Among those who came to study and to teach were Erasmus and William Bude, Melchior Wolmar, a Hellenist from Swabia, and the reformers Calvin and Theodore Beza; Étienne Dolet, a native of Orléans, preached his atheist doctrines for which he was hanged and burned in Paris.
François Rabelais (1494-1553), who was born near Chinon, must be about the best-known son of the Touraine. After studying in Angers, he became a learned Benedictine monk and then a famous doctor. In the adventures of Gargantua and Pantagruel he expressed his ideas on education, religion and philosophy. He was very attached to his native country and made it the setting for the Picrocholine war in his books. His comic and realistic style, his extraordinarily rich vocabulary and his universal curiosity made him the foremost prose writer of his period.

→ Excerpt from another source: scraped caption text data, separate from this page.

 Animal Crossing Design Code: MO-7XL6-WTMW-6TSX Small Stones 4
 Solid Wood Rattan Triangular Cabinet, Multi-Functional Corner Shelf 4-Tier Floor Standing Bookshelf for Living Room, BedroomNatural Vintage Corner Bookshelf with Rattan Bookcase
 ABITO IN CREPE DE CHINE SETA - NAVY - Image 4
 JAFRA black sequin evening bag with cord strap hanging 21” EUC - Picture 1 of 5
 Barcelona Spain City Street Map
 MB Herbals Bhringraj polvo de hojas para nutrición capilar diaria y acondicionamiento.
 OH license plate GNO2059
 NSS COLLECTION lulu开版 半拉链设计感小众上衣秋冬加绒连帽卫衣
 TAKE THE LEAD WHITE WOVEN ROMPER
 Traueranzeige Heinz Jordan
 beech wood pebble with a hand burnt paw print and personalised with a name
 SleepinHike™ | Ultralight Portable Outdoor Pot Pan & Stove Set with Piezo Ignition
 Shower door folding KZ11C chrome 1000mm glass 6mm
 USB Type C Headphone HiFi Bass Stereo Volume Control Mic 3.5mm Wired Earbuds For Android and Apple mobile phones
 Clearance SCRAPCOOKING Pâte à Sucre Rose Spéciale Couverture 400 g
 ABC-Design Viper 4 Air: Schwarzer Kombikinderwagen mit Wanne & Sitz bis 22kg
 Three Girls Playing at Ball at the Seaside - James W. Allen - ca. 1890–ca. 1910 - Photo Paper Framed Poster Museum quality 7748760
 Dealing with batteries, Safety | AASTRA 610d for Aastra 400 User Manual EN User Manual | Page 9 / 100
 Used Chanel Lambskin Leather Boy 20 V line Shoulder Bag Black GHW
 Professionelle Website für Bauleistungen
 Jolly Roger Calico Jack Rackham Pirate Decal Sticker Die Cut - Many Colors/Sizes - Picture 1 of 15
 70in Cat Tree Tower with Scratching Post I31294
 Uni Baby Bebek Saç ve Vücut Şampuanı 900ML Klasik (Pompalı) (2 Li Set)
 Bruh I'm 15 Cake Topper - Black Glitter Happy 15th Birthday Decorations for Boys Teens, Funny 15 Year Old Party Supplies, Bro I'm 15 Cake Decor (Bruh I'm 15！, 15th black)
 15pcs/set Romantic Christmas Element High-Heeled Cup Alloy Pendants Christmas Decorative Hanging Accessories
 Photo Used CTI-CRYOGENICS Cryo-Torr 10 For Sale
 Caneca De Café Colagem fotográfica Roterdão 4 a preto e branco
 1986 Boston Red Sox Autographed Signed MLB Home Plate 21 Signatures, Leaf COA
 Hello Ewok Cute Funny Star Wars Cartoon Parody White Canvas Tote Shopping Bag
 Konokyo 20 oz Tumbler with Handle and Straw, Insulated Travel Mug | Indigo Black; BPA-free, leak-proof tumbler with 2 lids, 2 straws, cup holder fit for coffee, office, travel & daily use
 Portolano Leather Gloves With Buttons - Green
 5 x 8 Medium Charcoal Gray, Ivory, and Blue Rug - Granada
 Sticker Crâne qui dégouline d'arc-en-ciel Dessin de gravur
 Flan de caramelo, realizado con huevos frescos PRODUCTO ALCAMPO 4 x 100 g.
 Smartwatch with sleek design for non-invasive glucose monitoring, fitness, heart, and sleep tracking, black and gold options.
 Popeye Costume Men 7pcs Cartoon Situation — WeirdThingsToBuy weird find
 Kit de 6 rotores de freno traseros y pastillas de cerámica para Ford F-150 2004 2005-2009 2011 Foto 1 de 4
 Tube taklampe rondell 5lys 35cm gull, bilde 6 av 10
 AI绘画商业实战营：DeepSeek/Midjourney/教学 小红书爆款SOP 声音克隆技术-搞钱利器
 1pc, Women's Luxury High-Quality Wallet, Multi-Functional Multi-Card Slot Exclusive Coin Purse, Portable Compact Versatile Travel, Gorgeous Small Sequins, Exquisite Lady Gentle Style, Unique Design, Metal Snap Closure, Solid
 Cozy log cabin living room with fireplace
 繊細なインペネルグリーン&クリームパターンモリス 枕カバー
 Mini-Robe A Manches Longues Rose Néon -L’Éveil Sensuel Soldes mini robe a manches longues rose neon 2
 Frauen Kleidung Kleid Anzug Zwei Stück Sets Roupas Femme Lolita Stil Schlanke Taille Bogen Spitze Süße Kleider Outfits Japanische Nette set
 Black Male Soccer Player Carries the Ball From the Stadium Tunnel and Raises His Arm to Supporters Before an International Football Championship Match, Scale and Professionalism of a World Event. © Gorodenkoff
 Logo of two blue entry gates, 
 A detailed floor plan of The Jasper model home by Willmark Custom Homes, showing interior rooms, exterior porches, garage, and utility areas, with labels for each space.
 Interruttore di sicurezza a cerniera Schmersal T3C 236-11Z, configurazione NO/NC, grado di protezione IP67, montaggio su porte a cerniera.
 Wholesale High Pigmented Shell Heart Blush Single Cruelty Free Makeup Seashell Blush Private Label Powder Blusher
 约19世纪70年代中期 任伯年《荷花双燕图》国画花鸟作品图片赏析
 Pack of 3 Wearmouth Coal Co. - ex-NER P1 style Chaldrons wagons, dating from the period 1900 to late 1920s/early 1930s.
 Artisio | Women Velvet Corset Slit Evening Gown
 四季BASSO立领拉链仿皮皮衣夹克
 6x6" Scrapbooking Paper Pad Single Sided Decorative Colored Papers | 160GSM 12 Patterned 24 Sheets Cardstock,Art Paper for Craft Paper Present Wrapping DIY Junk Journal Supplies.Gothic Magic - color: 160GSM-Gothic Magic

A group of seven poets from the Loire founded a new school, named after a cluster of stars in the Taurus constellation, which was to dominate 16C French poetry; they aimed to develop their language by imitating Horace and the Ancients. Their undoubted leader was Pierre de Ronsard, the Prince of Poets from near Vendôme, but it was Joachim du Bellay from Anjou who wrote the manifesto of the group, The Defence and Illustration of the French Language, which was published in 1549. The other members of the group were Jean-Antoine de Baïf from La Flèche, Jean Dorat, Étienne Jodelle, Marot and Pontus de Tyard who all held the position of Court Poet; their subjects were nature, women, their native country and its special quality, la douceur angevine.
Classicism and the Age of Enlightenment
At the end of the Wars of Religion, when the king and the court returned north to the Paris region (Île-de-France), literature became more serious and philosophical. The Marquis of Racan composed verses on the banks of the Loir and the Protestant Academy in Saumur supported the first works of René Descartes. In the following century, Néricault-Destouches, from Touraine, followed in Molière’s footsteps with his comedies of character; Voltaire stayed at Sully; Rousseau and his companion Thérèse Levasseur lived at Chenonceau; Beaumarchais, who wrote The Barber of Seville, settled at Vouvray and visited the Duke of Choiseul in exile at Chanteloup.
The pamphleteer Paul-Louis Courier (1772-1825) and the songwriter Pierre-Jean de Béranger (1780-1857), both active during the second Bourbon restoration, were sceptical, witty and liberal in politics. Alfred de Vigny (1797-1863), a native of Loches who became a soldier and a poet, painted an idyllic picture of Touraine in his novel, Cinq-Mars.
The greatest literary genius of Touraine was however Honoré de Balzac (1799-1850). He was born in Tours and brought up in Vendôme; he loved the Loire Valley and used it as a setting for several of the numerous portraits in his vast work, The Human Comedy.
The poet Charles Péguy, born in Orléans, wrote about Joan of Arc and his beloved Beauce. Marcel Proust also returned to the Beauce in his novel Remembrance of Things Past. Another poet, Max Jacob (1876-1944), spent many years in work and meditation at the abbey of St-Benoît-sur-Loire.
The Sologne calls to mind the young novelist, Alain-Fournier, and his famous work, Le Grand Meaulnes (The Lost Domain). The character of Raboliot the poacher is a picturesque evocation of his native country by the author Maurice Genevoix (1890-1980), a member of the Academy. The humourist Georges Courteline (1858-1929) was born in Touraine which was also the retreat of several writers of international reputation: Maeterlinck (Nobel Prize in 1911) at Coudray-Montpensier; Anatole France (Nobel Prize in 1921) at La Béchellerie; Bergson (Nobel Prize in 1927) at La Gaudinière. René Benjamin (1885–1948) settled in Touraine where he wrote The Prodigious Life of Balzac and other novels.
Angers was the home of René Bazin (1853–1932), who was greatly attached to the traditional virtues and his home ground, and of his great-nephew, Hervé Bazin (1911–96), whose violent attacks on conventional values were directly inspired by his native town.